SQL (PostgreSQL) is strongly preferred for payment systems:

  • ACID transactions ensure financial consistency
  • Foreign keys enforce referential integrity
  • Mature tooling for reporting & reconciliation queries
  • Easier auditing

NoSQL databases lack the consistency guarantees that payment systems require. The throughput demands (500 TPS peak) are well within PostgreSQL's capabilities.

Bottlenecks & Scaling

Database Scaling

At 500 TPS, a single PostgreSQL instance with connection pooling (PgBouncer) handles the load comfortably. For growth:

  • Vertical scaling first (PostgreSQL scales well vertically)
  • Read replicas for reporting & reconciliation queries
  • Partition the payments table by date (monthly partitions)
  • Archive old transactions to cold storage after the retention period

Sharding is typically not needed until 10,000+ TPS. If required, shard by merchant_id to keep all of a merchant's data together.

External Processor Latency

The external processor call (200ms-2s) is the dominant latency component.
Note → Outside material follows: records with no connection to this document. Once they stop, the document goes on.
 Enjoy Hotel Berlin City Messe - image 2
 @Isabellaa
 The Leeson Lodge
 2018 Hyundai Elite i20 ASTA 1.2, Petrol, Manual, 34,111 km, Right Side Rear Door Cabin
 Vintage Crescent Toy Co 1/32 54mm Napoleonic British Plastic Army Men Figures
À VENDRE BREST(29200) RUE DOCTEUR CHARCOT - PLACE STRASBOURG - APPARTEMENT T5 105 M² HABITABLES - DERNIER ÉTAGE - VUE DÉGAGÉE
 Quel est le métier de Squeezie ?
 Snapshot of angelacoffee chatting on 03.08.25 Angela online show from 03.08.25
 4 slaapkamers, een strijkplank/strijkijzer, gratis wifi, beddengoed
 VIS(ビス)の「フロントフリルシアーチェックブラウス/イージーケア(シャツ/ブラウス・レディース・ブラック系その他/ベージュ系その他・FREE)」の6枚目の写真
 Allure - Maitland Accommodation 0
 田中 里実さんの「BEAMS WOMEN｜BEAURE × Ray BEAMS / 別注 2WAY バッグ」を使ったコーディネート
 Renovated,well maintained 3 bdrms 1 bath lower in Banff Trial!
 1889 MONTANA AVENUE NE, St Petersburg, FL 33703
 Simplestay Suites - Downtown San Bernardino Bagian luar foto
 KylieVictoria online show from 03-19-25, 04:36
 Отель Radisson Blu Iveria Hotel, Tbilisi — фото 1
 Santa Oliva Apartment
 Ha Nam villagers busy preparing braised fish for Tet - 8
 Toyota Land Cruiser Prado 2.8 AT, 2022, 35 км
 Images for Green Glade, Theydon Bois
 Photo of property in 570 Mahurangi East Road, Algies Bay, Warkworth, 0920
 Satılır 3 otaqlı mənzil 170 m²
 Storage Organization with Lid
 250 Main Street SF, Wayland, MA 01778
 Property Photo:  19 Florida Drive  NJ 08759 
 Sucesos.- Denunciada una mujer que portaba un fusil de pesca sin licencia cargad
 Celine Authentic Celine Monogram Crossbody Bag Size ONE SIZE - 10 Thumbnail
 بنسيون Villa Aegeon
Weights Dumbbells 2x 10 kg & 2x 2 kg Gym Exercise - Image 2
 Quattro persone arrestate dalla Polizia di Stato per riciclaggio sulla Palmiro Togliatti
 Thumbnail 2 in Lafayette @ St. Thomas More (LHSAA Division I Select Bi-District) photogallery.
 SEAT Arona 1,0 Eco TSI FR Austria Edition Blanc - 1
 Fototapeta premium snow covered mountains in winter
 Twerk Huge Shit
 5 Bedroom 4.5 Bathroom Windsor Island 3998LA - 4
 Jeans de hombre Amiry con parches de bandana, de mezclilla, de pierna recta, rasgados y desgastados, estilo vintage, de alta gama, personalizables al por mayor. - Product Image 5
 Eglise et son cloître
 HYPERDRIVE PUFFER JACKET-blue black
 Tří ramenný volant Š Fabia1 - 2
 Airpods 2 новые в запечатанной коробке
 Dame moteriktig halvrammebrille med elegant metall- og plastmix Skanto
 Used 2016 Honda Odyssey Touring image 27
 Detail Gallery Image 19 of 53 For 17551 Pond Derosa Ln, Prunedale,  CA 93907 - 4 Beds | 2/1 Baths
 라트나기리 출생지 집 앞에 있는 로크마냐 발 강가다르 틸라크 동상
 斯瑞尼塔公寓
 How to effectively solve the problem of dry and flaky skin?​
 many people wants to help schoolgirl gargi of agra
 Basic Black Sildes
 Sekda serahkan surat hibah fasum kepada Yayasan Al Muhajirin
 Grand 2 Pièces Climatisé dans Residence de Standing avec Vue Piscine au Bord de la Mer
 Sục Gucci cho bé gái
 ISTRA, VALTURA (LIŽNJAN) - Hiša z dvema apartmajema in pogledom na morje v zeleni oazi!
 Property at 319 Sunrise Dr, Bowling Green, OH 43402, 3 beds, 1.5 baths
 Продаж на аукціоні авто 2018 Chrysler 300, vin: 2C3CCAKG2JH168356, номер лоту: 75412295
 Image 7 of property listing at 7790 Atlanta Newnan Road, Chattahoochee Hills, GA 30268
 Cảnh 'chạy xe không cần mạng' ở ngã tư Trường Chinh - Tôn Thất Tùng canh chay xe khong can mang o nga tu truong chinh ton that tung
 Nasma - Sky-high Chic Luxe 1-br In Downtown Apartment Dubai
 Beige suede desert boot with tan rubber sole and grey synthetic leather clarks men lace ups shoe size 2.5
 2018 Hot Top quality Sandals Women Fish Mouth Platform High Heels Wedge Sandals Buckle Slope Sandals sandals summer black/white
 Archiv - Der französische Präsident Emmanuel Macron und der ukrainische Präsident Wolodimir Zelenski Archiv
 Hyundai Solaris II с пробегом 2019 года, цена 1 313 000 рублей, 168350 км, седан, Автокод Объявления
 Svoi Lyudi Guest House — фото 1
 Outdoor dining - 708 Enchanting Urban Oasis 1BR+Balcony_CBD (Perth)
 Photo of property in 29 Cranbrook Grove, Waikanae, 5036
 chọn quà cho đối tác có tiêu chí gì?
Mitigations:

  • Connection pooling to processor APIs
  • Circuit breaker pattern: if a processor is failing, fail fast instead of waiting for timeouts
  • Multi-processor support: if Processor A is down, route to Processor B
  • Timeout budget: set a 3-second timeout, return failure to merchant, let them retry

Idempotency Store Performance

Every request hits the idempotency store. Keep it fast:

  • Use Redis as a write-through cache in front of the persistent store
  • TTL of 24 hours on idempotency keys (configurable per merchant)
  • At 500 TPS, Redis handles this trivially

Reconciliation at Scale

With 10 million transactions/day, reconciliation jobs process large datasets:

  • Use batch processing (Apache Spark or a simple partitioned SQL job)
  • Process each processor's settlement file independently in parallel
  • Partition by date & processor to limit working set size

Common Pitfalls

  • Using floating point for money0.1 + 0.2 != 0.3 in IEEE 754. Store amounts as integers in the smallest currency unit (cents). This is the most common & most dangerous mistake in payment system design.
  • Retrying without checking external state — blindly retrying a timed-out authorization can double-charge the customer. Always send an inquiry to the processor before retrying.
  • Not implementing idempotency from day one — adding idempotency retroactively is extremely difficult. Design it in from the start.
  • Mutable ledger entries — updating or deleting ledger entries destroys the audit trail. Use append-only entries with reversals for corrections.
  • Ignoring the UNCERTAIN state — when an external call times out, the payment is in an unknown state. The system must resolve this before proceeding, not assume success or failure.
  • Skipping reconciliation — without daily reconciliation, discrepancies accumulate silently. By the time they surface, they may be impossible to resolve.
  • Handling PCI data directly when you do not need to — use processor-hosted checkout & tokenization to minimize PCI scope. Most systems never need to touch raw card numbers.

Key Takeaways

  • Correctness is the top priority. Use ACID transactions, double-entry bookkeeping, & strict state machines to ensure financial integrity.
  • Idempotency is non-negotiable. Every payment API must accept an idempotency key & return cached results for duplicate requests.
  • Store money as integers in the smallest currency unit. Never use floating point for financial calculations.
  • The ledger is append-only. Corrections are made by adding reversal entries, never by modifying existing records.
  • Handle external processor failures with an UNCERTAIN state. Resolve it via inquiry before retrying to prevent double charges.
  • Reconciliation is a core feature, not an afterthought. Automate it, run it daily, & alert on discrepancies.
  • Minimize PCI scope by using tokenization & processor-hosted checkout. Only bring card data in-house if you have a specific reason & the compliance infrastructure to support it.